#### [Assignment]
Find how many lines of the listing include the string "with", and report only that figure.

#### [Data for this exercise]
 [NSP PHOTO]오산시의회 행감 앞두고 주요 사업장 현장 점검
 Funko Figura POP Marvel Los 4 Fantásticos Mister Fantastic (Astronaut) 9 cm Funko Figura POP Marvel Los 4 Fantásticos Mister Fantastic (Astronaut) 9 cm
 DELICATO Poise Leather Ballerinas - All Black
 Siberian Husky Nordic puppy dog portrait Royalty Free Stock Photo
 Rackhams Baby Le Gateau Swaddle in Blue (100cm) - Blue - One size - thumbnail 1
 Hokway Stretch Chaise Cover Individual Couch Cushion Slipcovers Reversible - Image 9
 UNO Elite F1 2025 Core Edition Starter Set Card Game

* * *

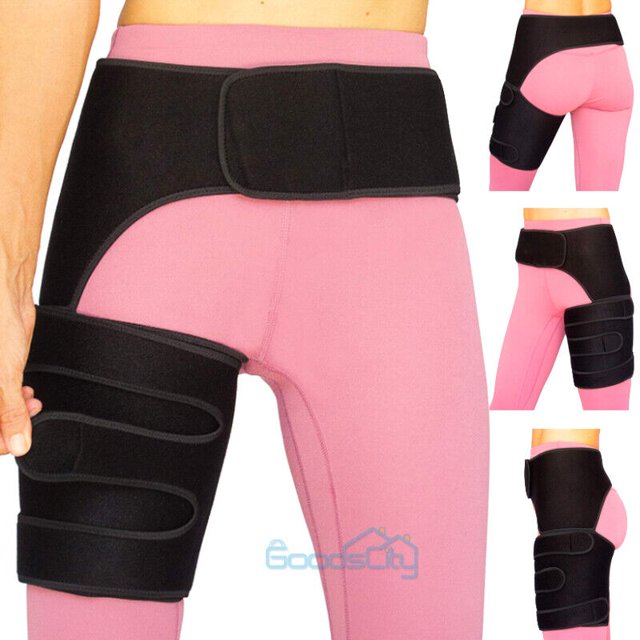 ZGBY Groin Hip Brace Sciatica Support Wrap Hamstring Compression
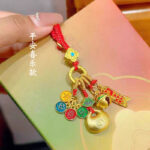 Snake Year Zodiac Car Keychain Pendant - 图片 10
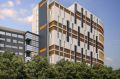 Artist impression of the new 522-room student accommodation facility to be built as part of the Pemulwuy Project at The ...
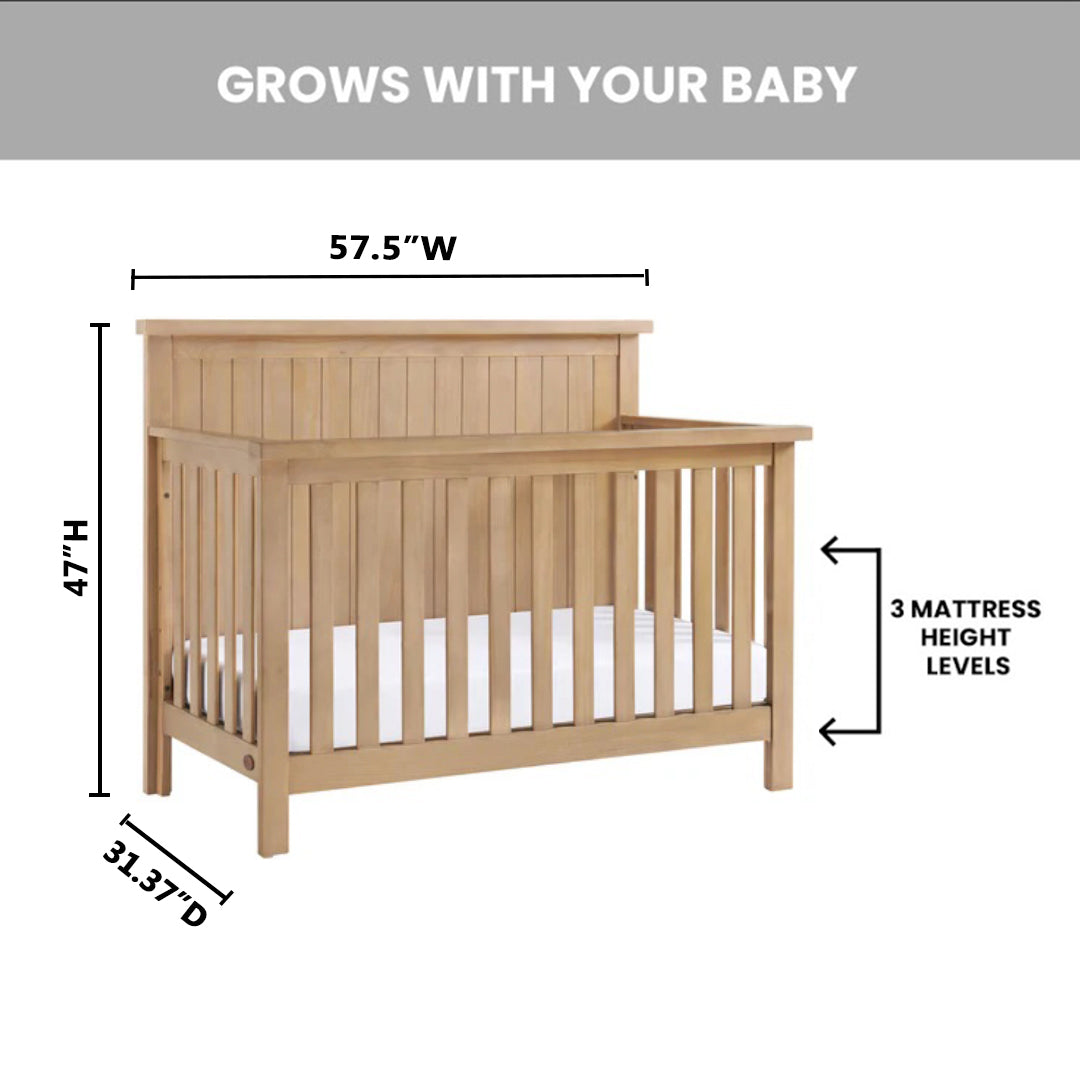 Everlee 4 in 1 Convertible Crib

* * *

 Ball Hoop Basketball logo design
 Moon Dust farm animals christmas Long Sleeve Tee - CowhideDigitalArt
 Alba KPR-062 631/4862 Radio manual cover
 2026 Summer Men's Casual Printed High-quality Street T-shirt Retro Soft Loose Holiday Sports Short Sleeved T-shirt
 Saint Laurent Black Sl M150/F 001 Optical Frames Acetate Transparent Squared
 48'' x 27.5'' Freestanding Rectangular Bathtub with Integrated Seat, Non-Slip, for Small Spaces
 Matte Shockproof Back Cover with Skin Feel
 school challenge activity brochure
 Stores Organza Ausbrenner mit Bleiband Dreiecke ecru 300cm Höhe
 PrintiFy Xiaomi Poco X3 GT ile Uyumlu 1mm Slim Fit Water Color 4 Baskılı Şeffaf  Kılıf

#### [Reply]
2